Jookabox’s third album (after previous releases as Grampall Jookabox) is a queasy psychedelic mapping of songwriter David ‘Moose’ Adamson’s Indianapolis home, specifically the city’s troubled East Side. As the title and the skull-filled artwork indicate, Adamson sees the city as a land of the undead, penning odes to the phantoms and zombies he sees inhabiting the streets.
With its thickly layered, multi-voiced narratives, codes and reprises, ‘Dead Zone Boys’ gives off signs of a concept album, but the foggy, dubbed-out production obscures any linear story or clear messages. Instead, Jookabox’s Indianapolis comes to life in a shadowy series of hallucinatory fragments, akin to the domestic mysticism of Mark E Smith’s Manchester or Jah Wobble’s London.
Musically, Adamson and his cohorts, primarily drummer Patrick ‘Ostry’ ‘Sweets’ Okerson, whose pounding military beats first draw us in, fashion a mush of funk, soul, bluegrass and pop influences into a peculiarly dark, glassy mosaic. Jookabox continually conjure up cinematic sounds to compliment the lyrical imagery. ‘Gonna Need the Guns/Doom Hope’ sees Adamson in James Brown mode, marshalling his band through a spaghetti western, while ‘You Cried Me’ is a disarmingly rapid hillbilly interlude of the sort that punctuates the zippy action of the Coen brothers’ zanier features.

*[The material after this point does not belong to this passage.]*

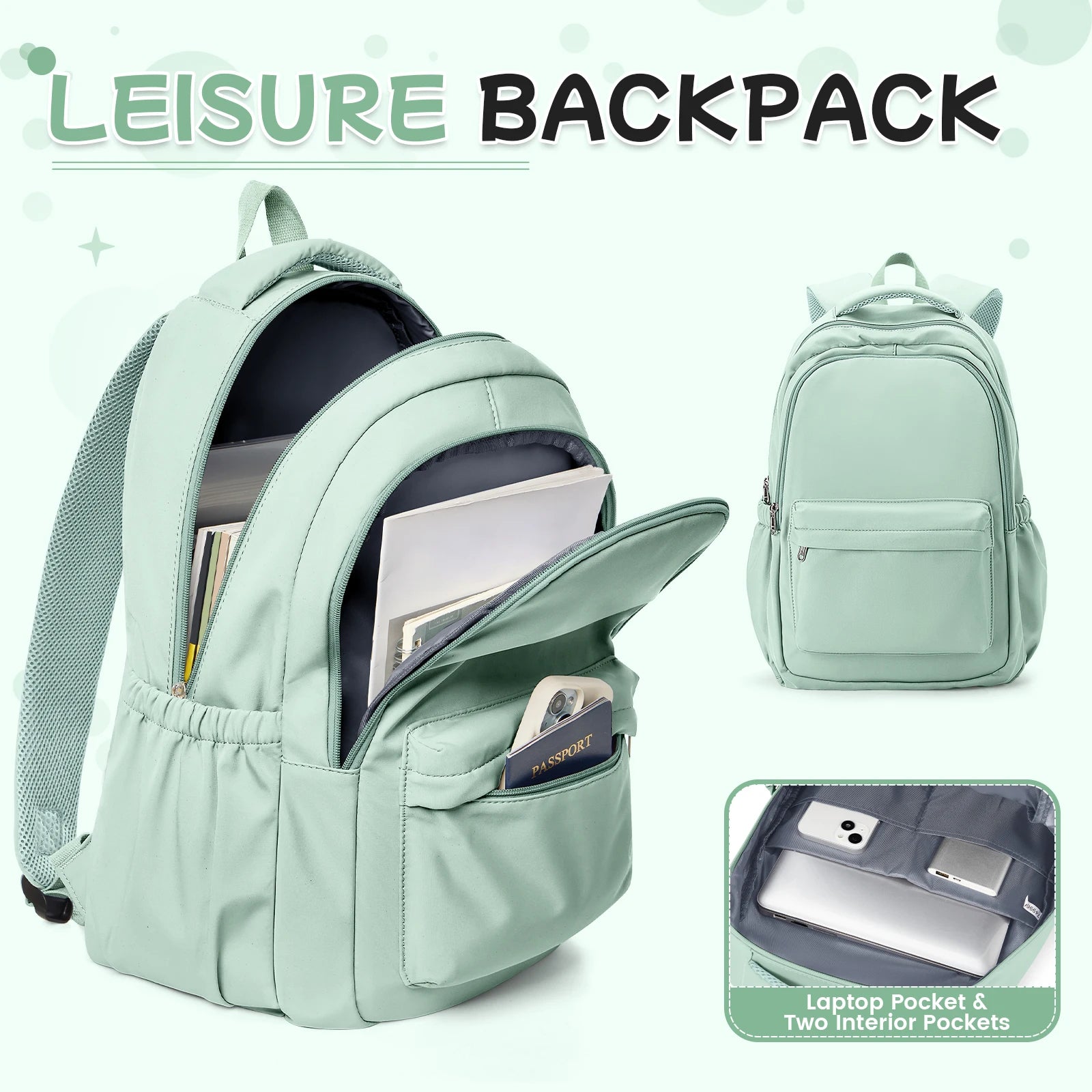 Lightweight Style Nylon Backpack School Backpack for Primary Middle Bookbag teens student Travel backpack, Multiple Compartments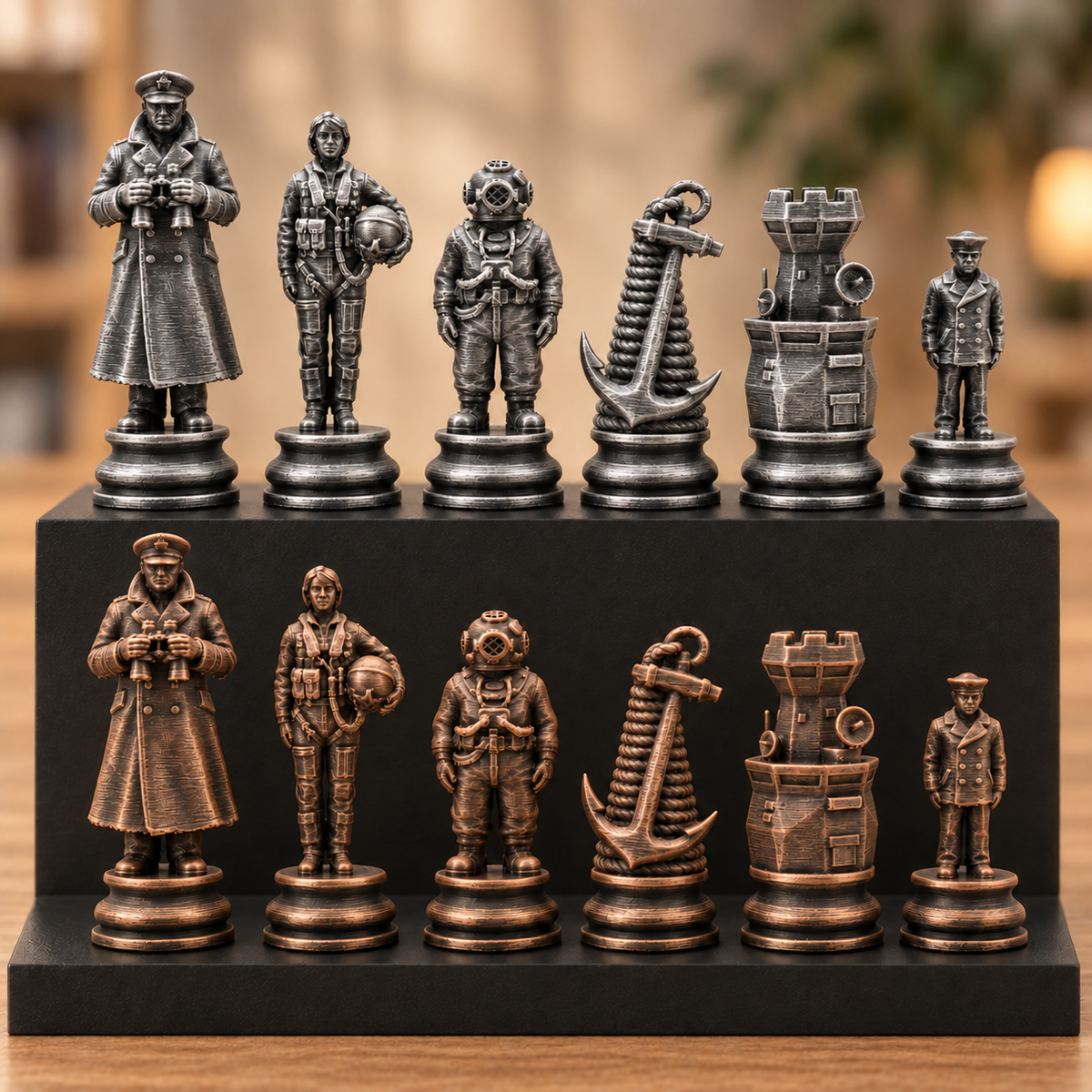 Marine-Schachfigurenset – 32 Figuren mit Kapitän, Taucher und Anker – Ansicht 3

Although packed with succinct, memorable tunes, ‘Dead Zone Boys’ main sticking point is the heavily pitch-bent vocals throughout the album. This isn’t the auto-tuning favoured in contemporary pop production, but the tape-manipulated craziness of Butthole Surfers’ Gibby Haynes at his most wilfully awkward. Although sometimes in keeping with the disembodied phantom voices haunting the mix, when it jars, as on ‘Glyphin’ Out’, the technique brings forth flashbacks to the heyday of helium rave. Least successful is closing track ‘F.I.T.F. #1’ where Adamson pitches himself downwards to a slurry moan, like the drunken tomfoolery of Ween at their worst.